For third-quarter 2017, farmland values in the Midwest, covered by the Federal Reserve District of Chicago, were down 1% from a year earlier. Moreover, “good” farmland values were little changed for the fourth consecutive quarter.
The Chicago Fed’s quarterly survey covers all of Iowa, the northern half of Illinois and Indiana, all of Michigan, and southern Wisconsin.
The Oct. 1 survey results are based on responses from 201 agricultural bankers. The majority of the respondents expect the district’s land values to be stable during the fourth quarter, but 25% of them expect a decrease in farmland values in the final quarter and only 2% expect an increase.
District ag credit conditions deteriorated in third quarter. Availability of funds for lending by ag banks was down relative to a year ago — the first such occurrence in 11 years. However, for the third quarter, demand for non-real estate loans was up relative to a year ago. The result was a surge in the average loan-to-deposit ratio for the district to 77.4%, its highest level in nine years.
Also, repayment rates for non-real-estate farm loans were lower in the third quarter compared to the same quarter last year, and loan renewals and extensions were higher. Remaining near their historical lows, average interest rates on farm loans moved little during the third quarter.
Farmland values up slightly
The 1% decrease in the district’s farmland values in third-quarter 2017 was about what economists expected. The district did not experience a year-over-year decrease or increase in its ag land values greater than 1% in the past four quarters. Such relative stability in farmland values had not occurred in the district since 1970.
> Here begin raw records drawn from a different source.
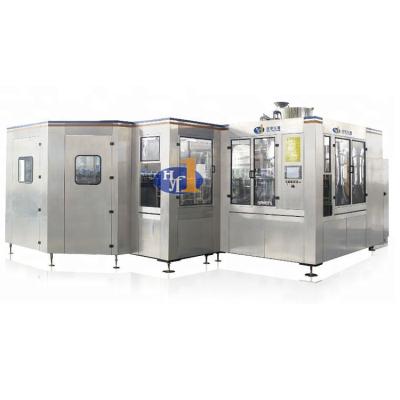 China Automatic 12000bph Beverage Water Filling Machine Equipment From China For Small Business for sale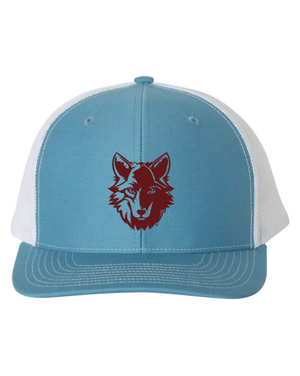 Custom Apparel - Screen Printing - Cornell Winter 2023 - Snapback Trucker Cap - Cornell Winter 2023 - 14959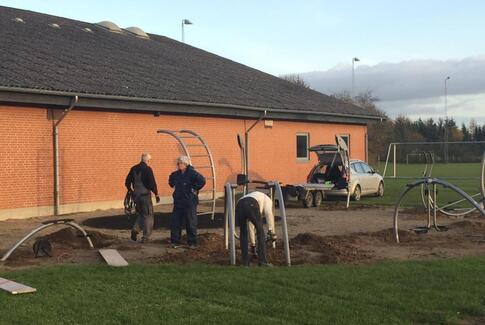 Nedtælling til første spadestik på Østbirks nye hal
Illinois and Indiana farmland values were down on a year-over-year basis (3% and 4%, respectively), while Iowa and Wisconsin farmland values were both up 2%. The district’s ag land values were unchanged from the second quarter.
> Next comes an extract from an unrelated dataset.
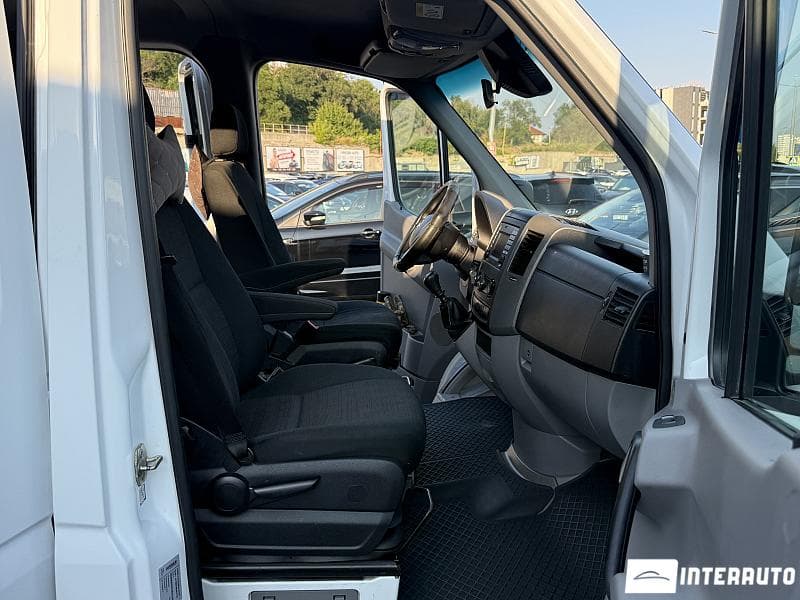 Mercedes Sprinter 2015 — Миниатюра 15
Difficult weather conditions during planting, a summer drought in some areas, and heavy rains during harvest in some areas threatened to batter crops this year. In the end, according to USDA estimates, the five district states’ harvest of corn in 2017 is down 7.8% from 2016, whereas soybean production is breaking the record. The new record soybean crop (0.2% above 2016’s level) resulted from harvesting 5.9% more acres. Both district-wide corn and soybean yields were down this year from all-time highs set in 2016.
Credit conditions tightening
Looking at credit conditions, the district seems worse relative to a year ago once again. For the first time since the third quarter of 2006, the availability of funds for lending by ag banks in third-quarter 2017 was lower relative to a year earlier.
The index of funds available showed ag banks in the district had less money for lending than a year ago; 10% of the survey respondents indicated their banks had more funds available to lend during the third quarter than a year earlier and 15% indicated their banks had less.